Every entry is to be reproduced word for word, but the images are not.

━━━ Data to use ━━━

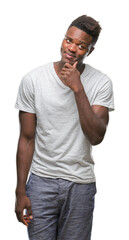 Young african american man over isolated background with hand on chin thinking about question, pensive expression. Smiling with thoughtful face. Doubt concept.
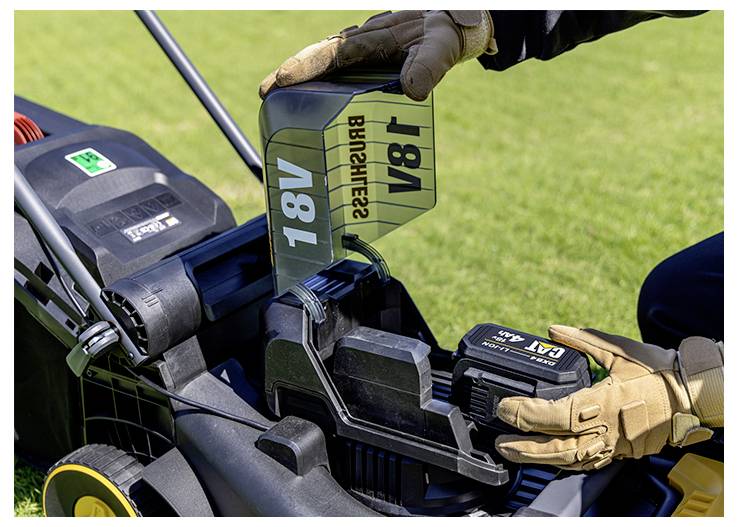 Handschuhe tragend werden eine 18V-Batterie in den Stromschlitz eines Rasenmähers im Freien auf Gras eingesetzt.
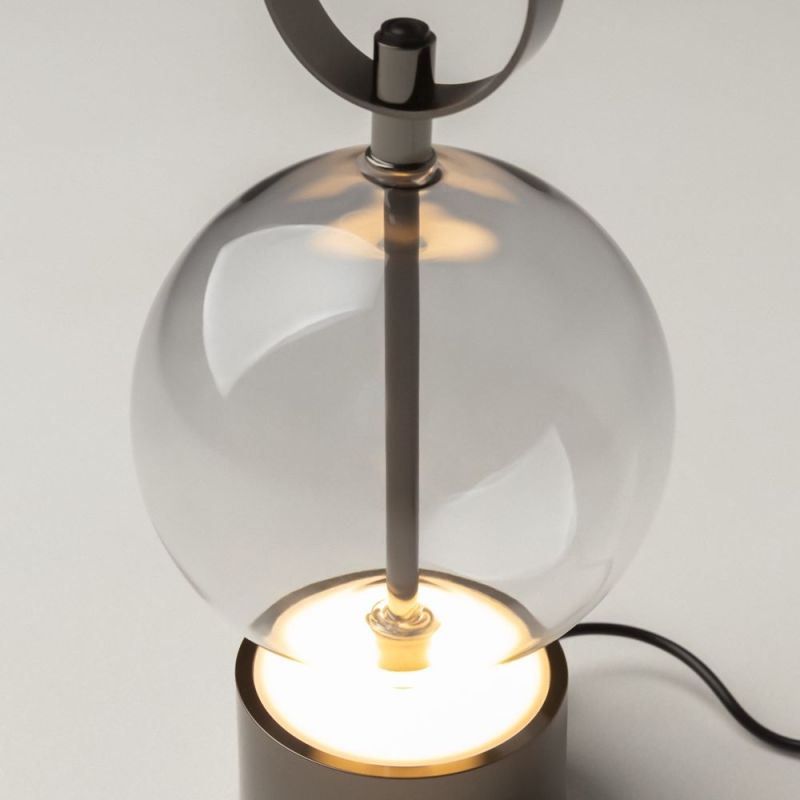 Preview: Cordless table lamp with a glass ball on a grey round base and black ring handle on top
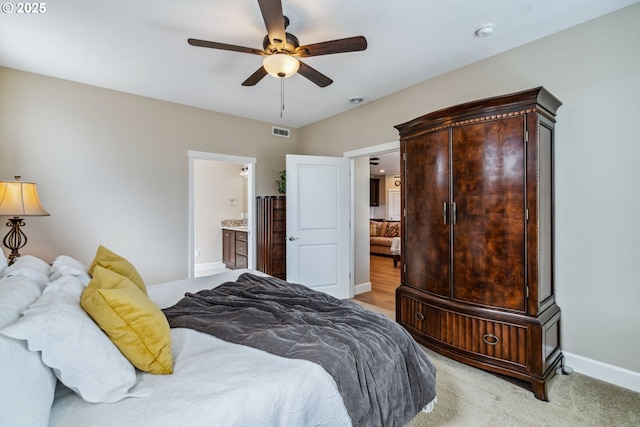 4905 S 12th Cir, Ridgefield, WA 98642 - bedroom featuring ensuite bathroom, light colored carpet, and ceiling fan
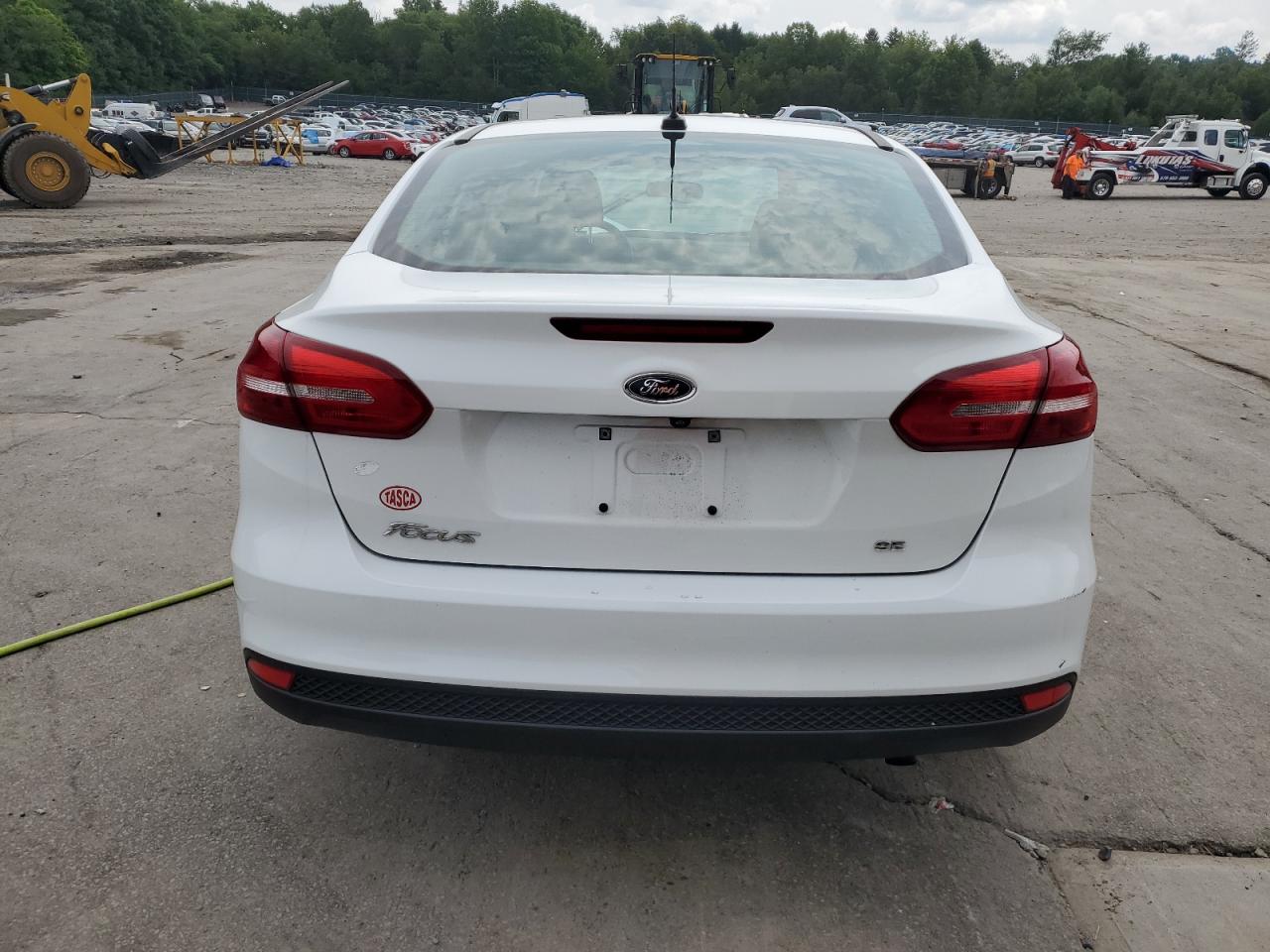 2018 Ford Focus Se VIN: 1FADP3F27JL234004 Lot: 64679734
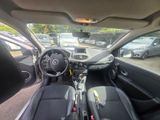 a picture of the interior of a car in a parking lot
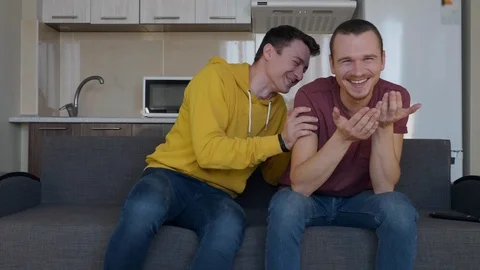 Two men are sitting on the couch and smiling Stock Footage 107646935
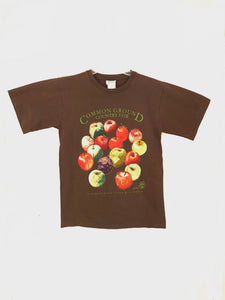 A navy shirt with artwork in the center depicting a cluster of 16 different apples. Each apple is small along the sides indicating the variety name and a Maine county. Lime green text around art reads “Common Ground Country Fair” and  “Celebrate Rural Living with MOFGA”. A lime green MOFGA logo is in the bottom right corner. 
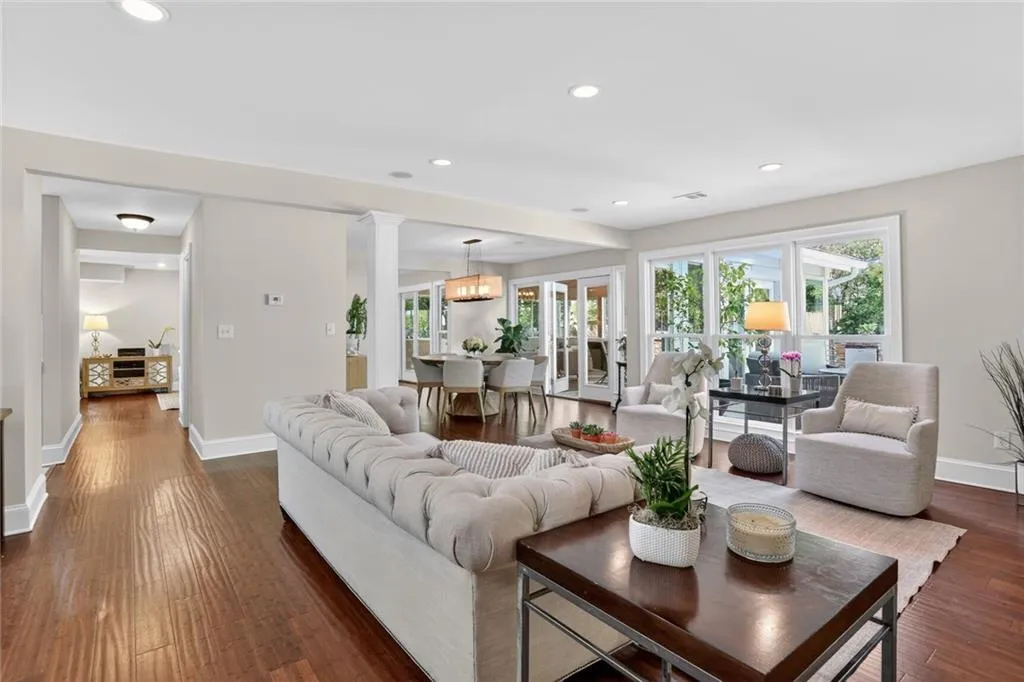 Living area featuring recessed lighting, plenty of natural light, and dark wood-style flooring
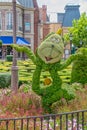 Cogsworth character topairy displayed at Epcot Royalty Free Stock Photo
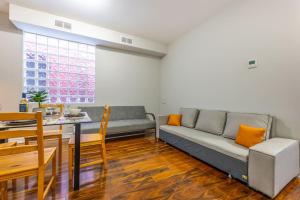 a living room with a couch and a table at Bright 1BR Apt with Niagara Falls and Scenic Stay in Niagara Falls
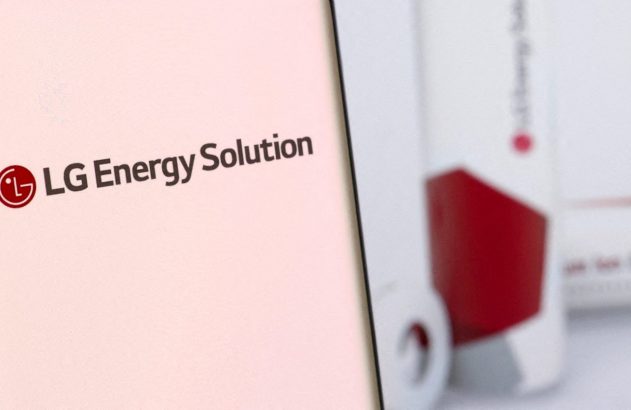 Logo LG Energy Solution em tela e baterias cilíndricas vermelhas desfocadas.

━━━

▶ **Result of this exercise**
 Young african american man over isolated background with hand on chin thinking about question, pensive expression. Smiling with thoughtful face. Doubt concept.
 Handschuhe tragend werden eine 18V-Batterie in den Stromschlitz eines Rasenmähers im Freien auf Gras eingesetzt.
 Preview: Cordless table lamp with a glass ball on a grey round base and black ring handle on top
 4905 S 12th Cir, Ridgefield, WA 98642 - bedroom featuring ensuite bathroom, light colored carpet, and ceiling fan
 2018 Ford Focus Se VIN: 1FADP3F27JL234004 Lot: 64679734
 a picture of the interior of a car in a parking lot
 Two men are sitting on the couch and smiling Stock Footage 107646935
 A navy shirt with artwork in the center depicting a cluster of 16 different apples. Each apple is small along the sides indicating the variety name and a Maine county. Lime green text around art reads “Common Ground Country Fair” and  “Celebrate Rural Living with MOFGA”. A lime green MOFGA logo is in the bottom right corner. 
 Living area featuring recessed lighting, plenty of natural light, and dark wood-style flooring
 Cogsworth character topairy displayed at Epcot Royalty Free Stock Photo
 a living room with a couch and a table at Bright 1BR Apt with Niagara Falls and Scenic Stay in Niagara Falls
 Logo LG Energy Solution em tela e baterias cilíndricas vermelhas desfocadas.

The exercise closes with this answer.